**The problem:**
After locating the line that contains "Grab a lacrosse", transcribe exactly that line and each one after it until the data ends, skipping pictures.

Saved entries
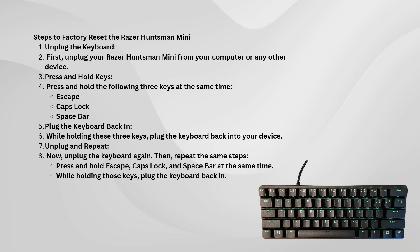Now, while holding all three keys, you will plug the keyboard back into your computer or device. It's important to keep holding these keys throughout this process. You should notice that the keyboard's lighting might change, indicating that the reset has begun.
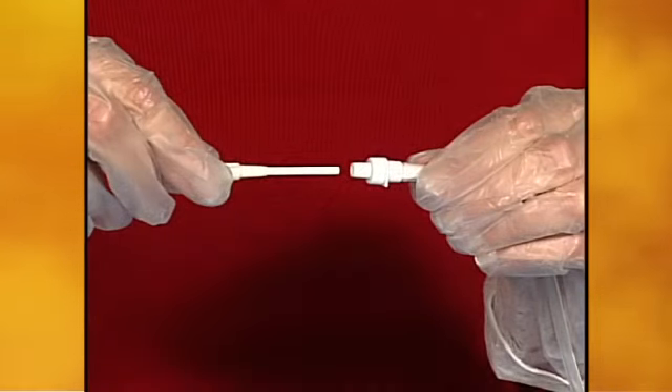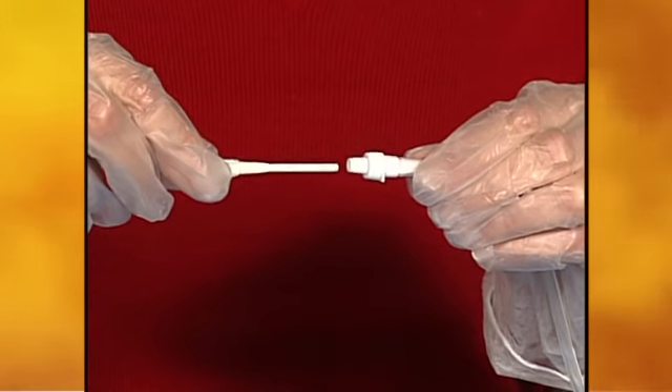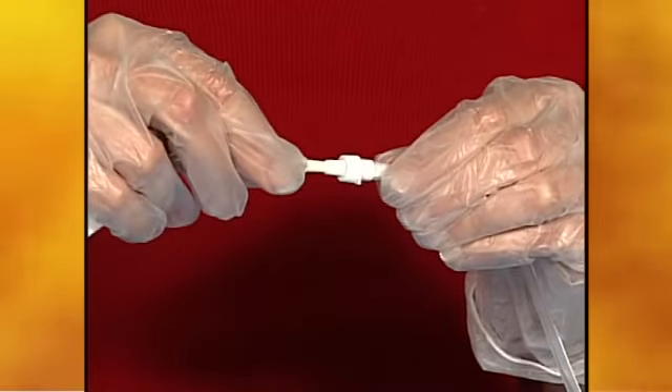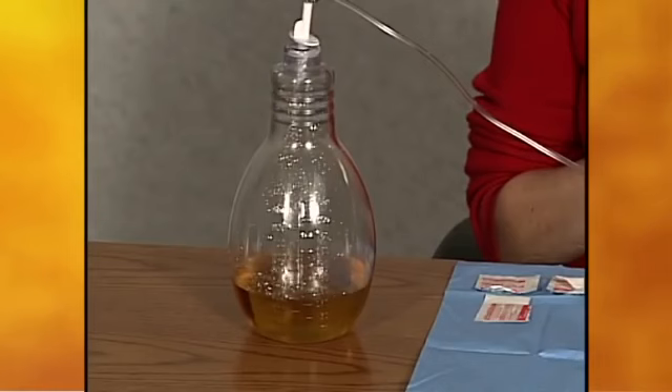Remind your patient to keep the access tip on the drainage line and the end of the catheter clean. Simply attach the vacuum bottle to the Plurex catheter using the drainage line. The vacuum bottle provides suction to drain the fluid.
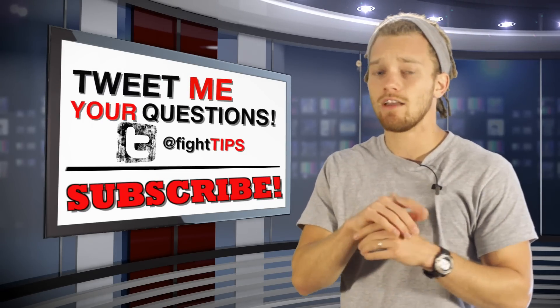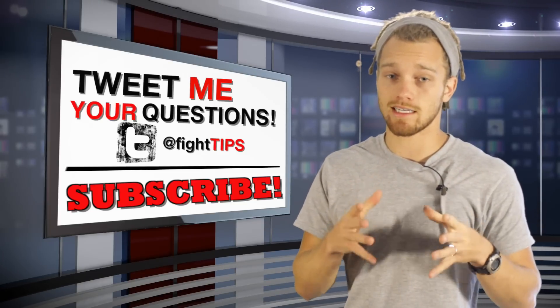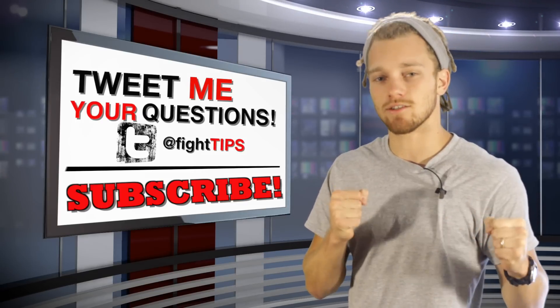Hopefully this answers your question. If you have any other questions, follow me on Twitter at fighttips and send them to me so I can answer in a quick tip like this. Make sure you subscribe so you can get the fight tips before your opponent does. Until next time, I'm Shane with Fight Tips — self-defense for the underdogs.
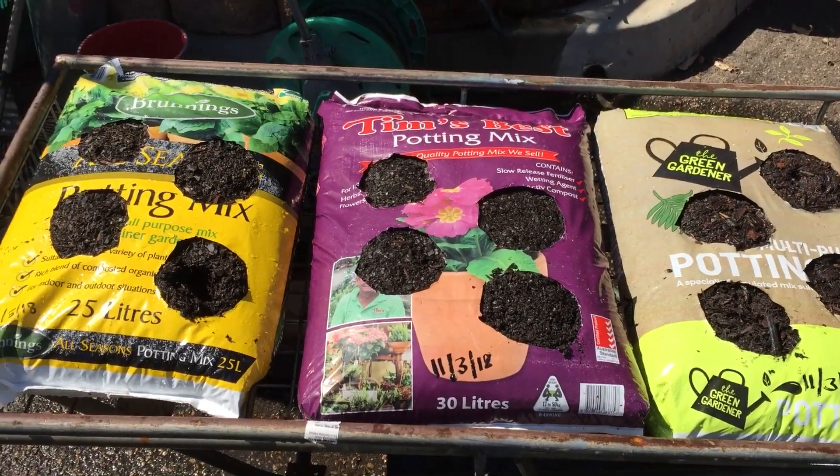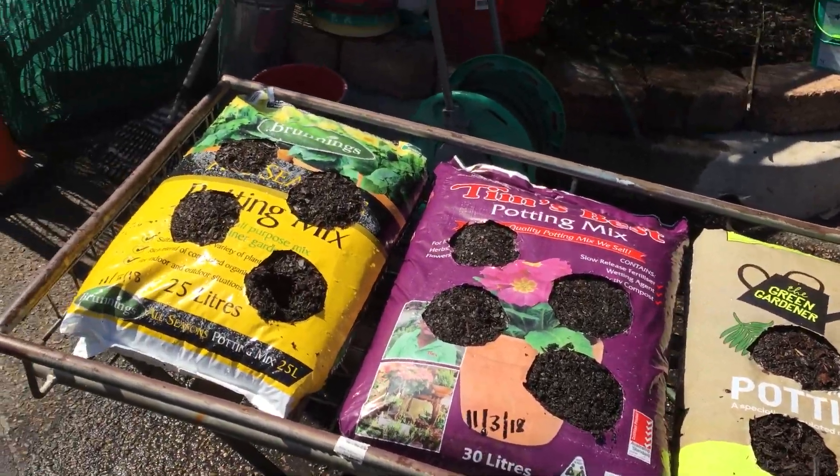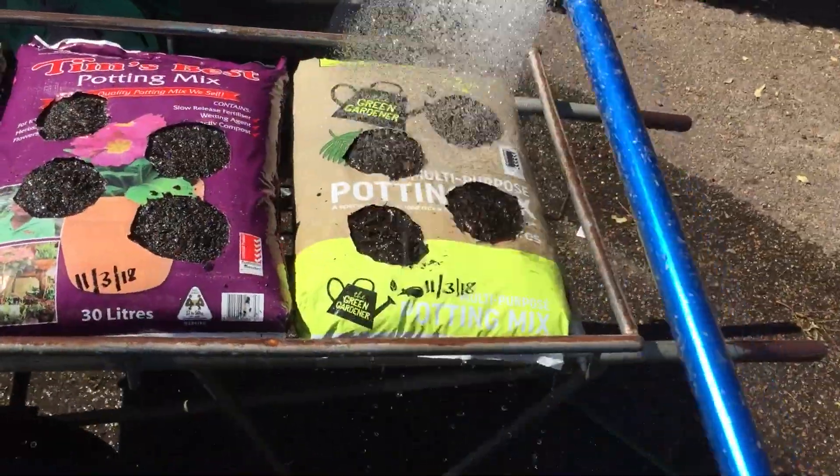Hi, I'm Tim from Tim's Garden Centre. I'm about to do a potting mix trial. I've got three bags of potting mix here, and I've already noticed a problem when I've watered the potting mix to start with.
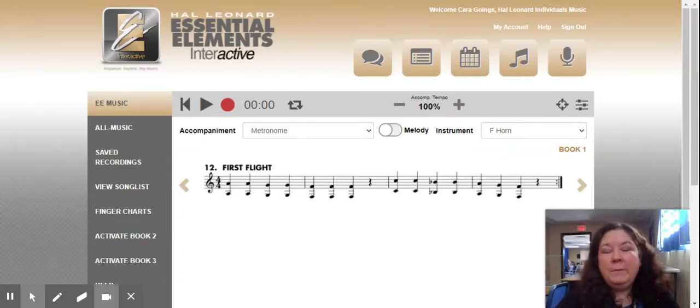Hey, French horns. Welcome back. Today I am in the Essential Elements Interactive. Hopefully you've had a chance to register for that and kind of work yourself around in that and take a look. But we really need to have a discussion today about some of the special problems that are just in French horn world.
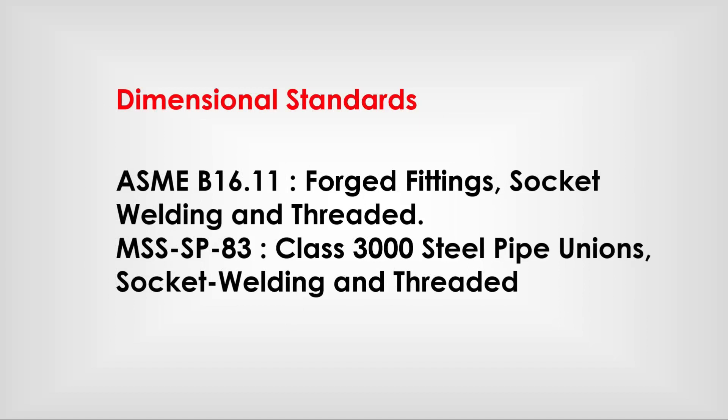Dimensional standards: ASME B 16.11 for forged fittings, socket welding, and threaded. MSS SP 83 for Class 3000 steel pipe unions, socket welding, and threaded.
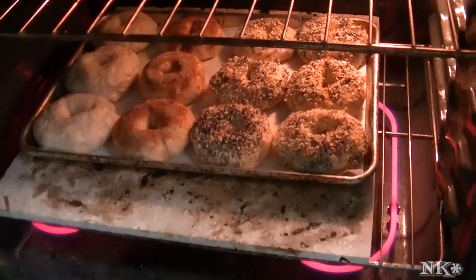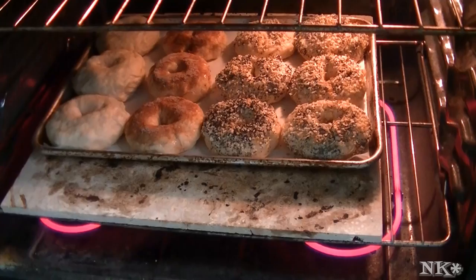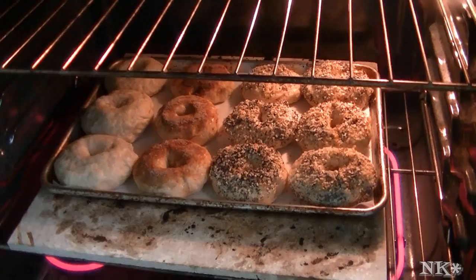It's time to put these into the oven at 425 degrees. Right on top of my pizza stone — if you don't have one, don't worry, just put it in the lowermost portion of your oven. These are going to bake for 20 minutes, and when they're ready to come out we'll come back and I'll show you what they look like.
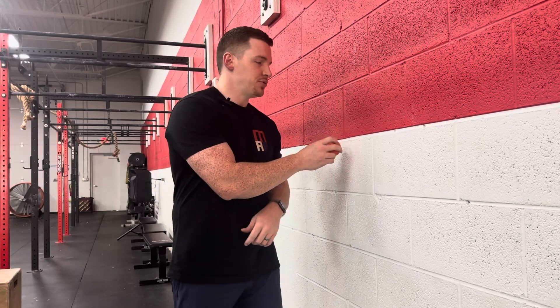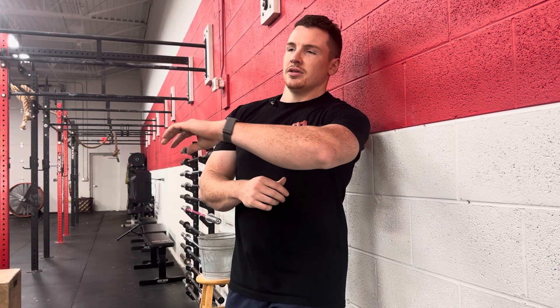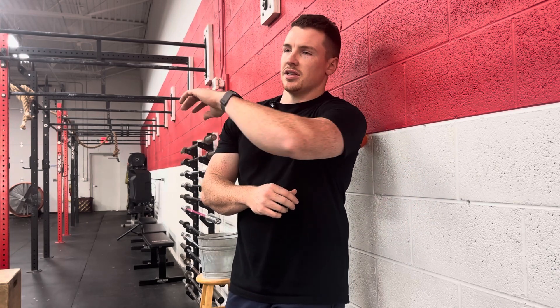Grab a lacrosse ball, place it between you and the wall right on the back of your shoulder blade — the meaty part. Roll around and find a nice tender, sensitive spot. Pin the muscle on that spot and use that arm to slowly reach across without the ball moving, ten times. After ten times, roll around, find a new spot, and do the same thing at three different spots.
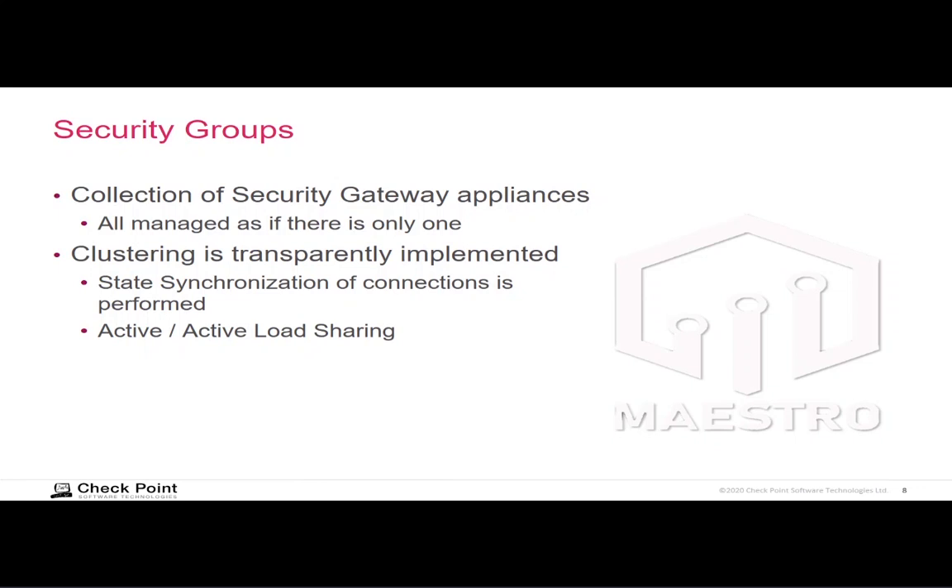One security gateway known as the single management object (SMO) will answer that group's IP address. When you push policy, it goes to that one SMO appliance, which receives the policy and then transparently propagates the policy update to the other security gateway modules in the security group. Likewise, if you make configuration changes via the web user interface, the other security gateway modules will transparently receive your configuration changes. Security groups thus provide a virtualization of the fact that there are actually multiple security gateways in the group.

**Exercise result:**
Grab a lacrosse ball, place it between you and the wall right on the back of your shoulder blade — the meaty part. Roll around and find a nice tender, sensitive spot. Pin the muscle on that spot and use that arm to slowly reach across without the ball moving, ten times. After ten times, roll around, find a new spot, and do the same thing at three different spots.
One security gateway known as the single management object (SMO) will answer that group's IP address. When you push policy, it goes to that one SMO appliance, which receives the policy and then transparently propagates the policy update to the other security gateway modules in the security group. Likewise, if you make configuration changes via the web user interface, the other security gateway modules will transparently receive your configuration changes. Security groups thus provide a virtualization of the fact that there are actually multiple security gateways in the group.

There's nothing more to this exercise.